### WORK REQUEST
Please restate the records below word for word, leaving out every picture.

### DATA RECORDS
::::
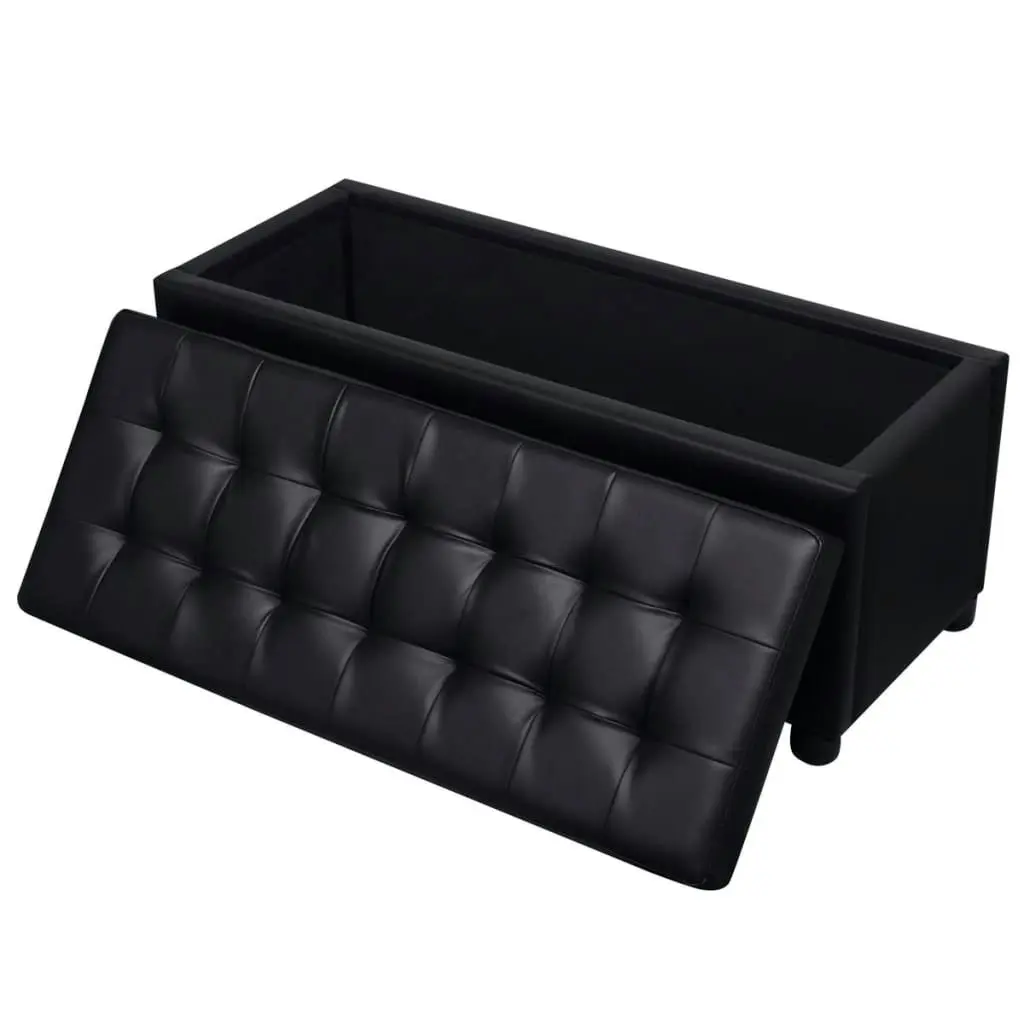 Storage Ottoman Artificial Leather Black 242407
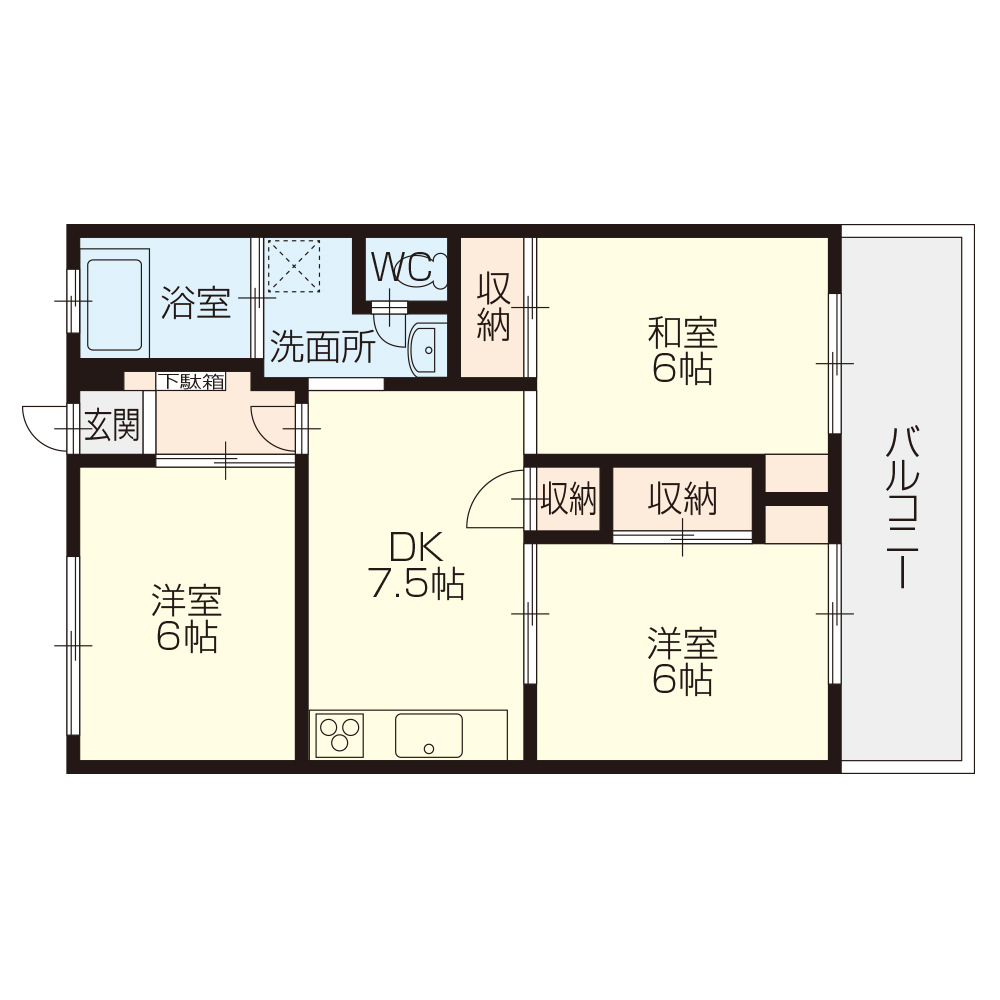 ポルテ新涯の間取り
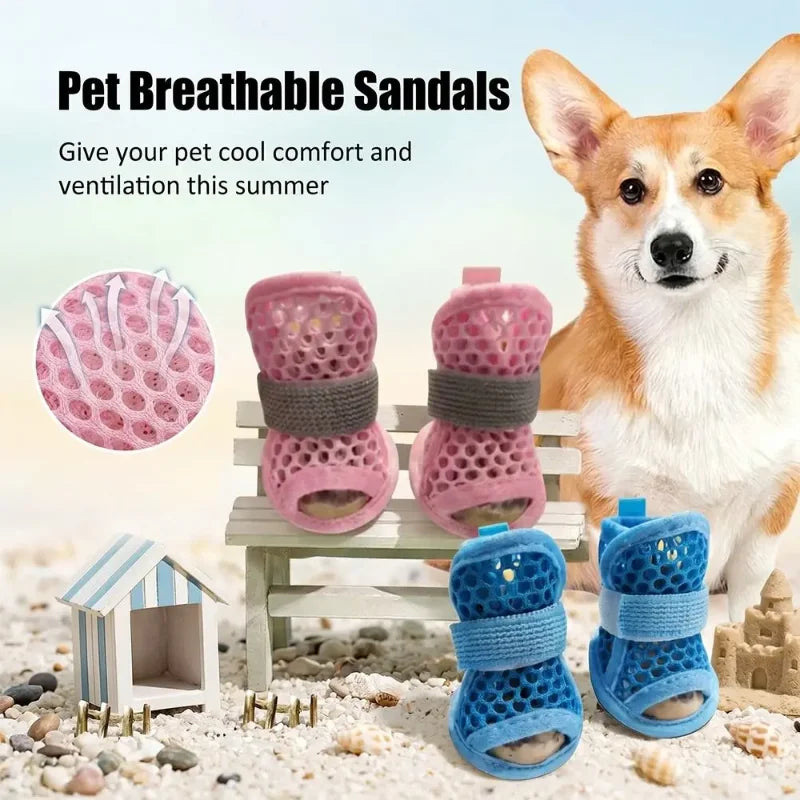 4PC Breathable Mesh Dog Shoes for Small Dogs Summer Pet Sandals Anti Slip Elastic Strap Outdoor Puppy Booties Cute Paw Protector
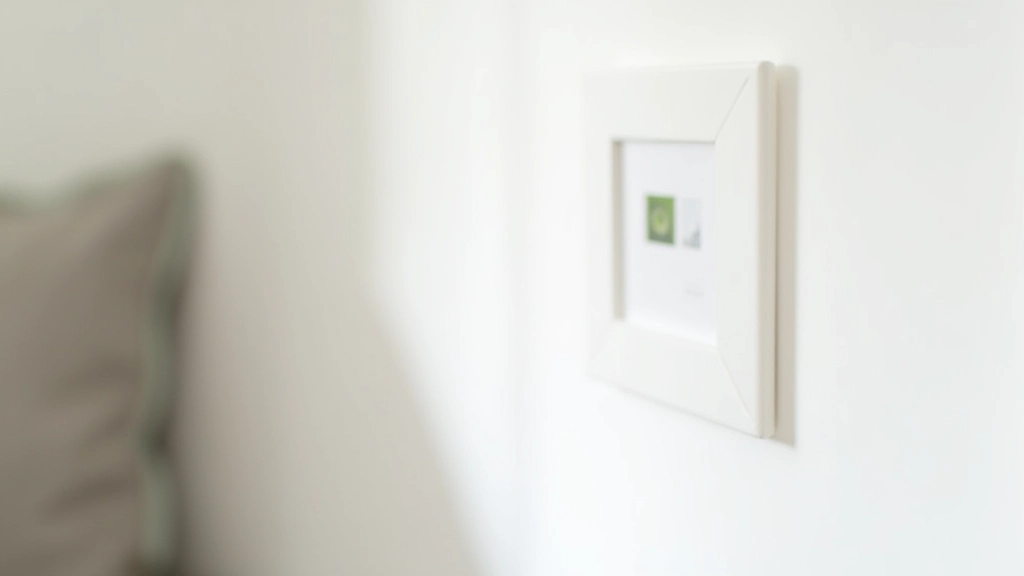 Close-up of damage-free adhesive strip mounted on white wall with framed artwork hanging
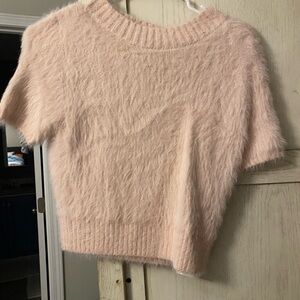 Fuzzy Pink Short Sleeve Sweater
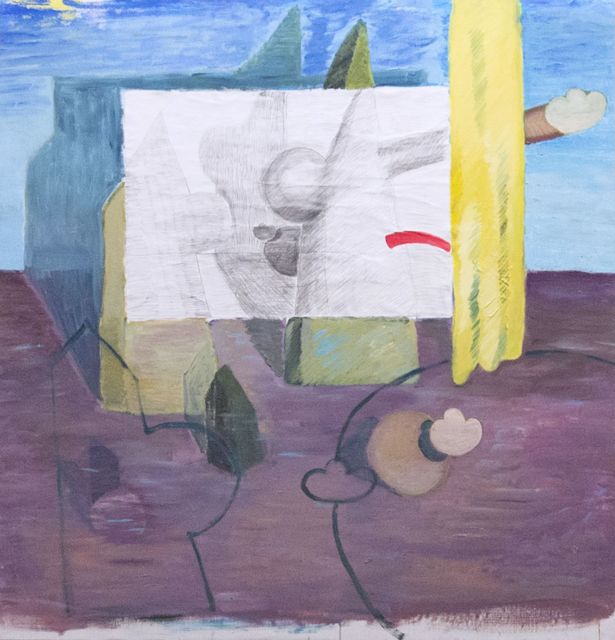 17_Natalia_Lazurca_-_Deafened, _2018, _oil_and_acrylic_on_paper_and_canvas, _199x190_cm
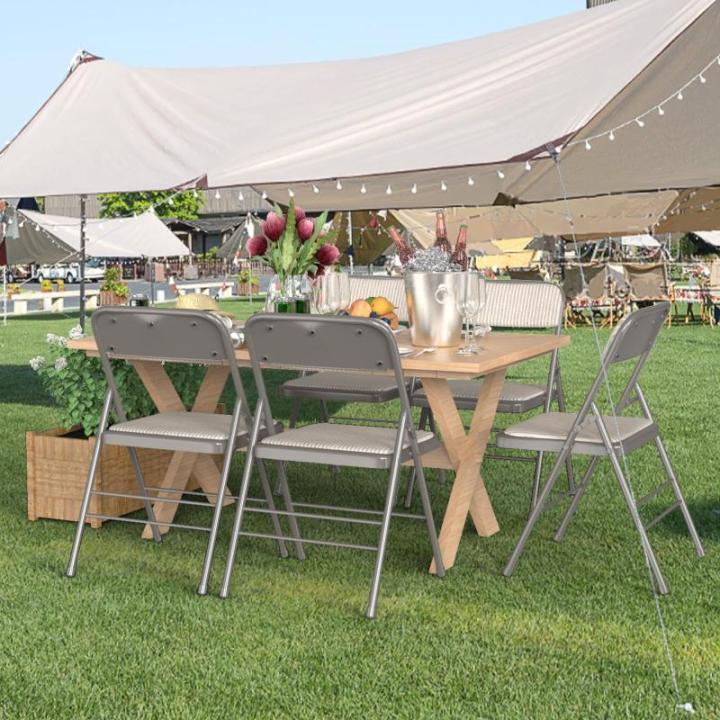 Set van 2 klapstoelen, gestoffeerd, beige-grijs gestreepte klapstoelen met metalen frame, klapstoel van stof, campingstoel, klapstoel, balkon, tuin, stoelen, vouwstoel voor gasten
::::
### EXERCISE RESPONSE
 Storage Ottoman Artificial Leather Black 242407
 ポルテ新涯の間取り
 4PC Breathable Mesh Dog Shoes for Small Dogs Summer Pet Sandals Anti Slip Elastic Strap Outdoor Puppy Booties Cute Paw Protector
 Close-up of damage-free adhesive strip mounted on white wall with framed artwork hanging
 Fuzzy Pink Short Sleeve Sweater
 17_Natalia_Lazurca_-_Deafened, _2018, _oil_and_acrylic_on_paper_and_canvas, _199x190_cm
 Set van 2 klapstoelen, gestoffeerd, beige-grijs gestreepte klapstoelen met metalen frame, klapstoel van stof, campingstoel, klapstoel, balkon, tuin, stoelen, vouwstoel voor gasten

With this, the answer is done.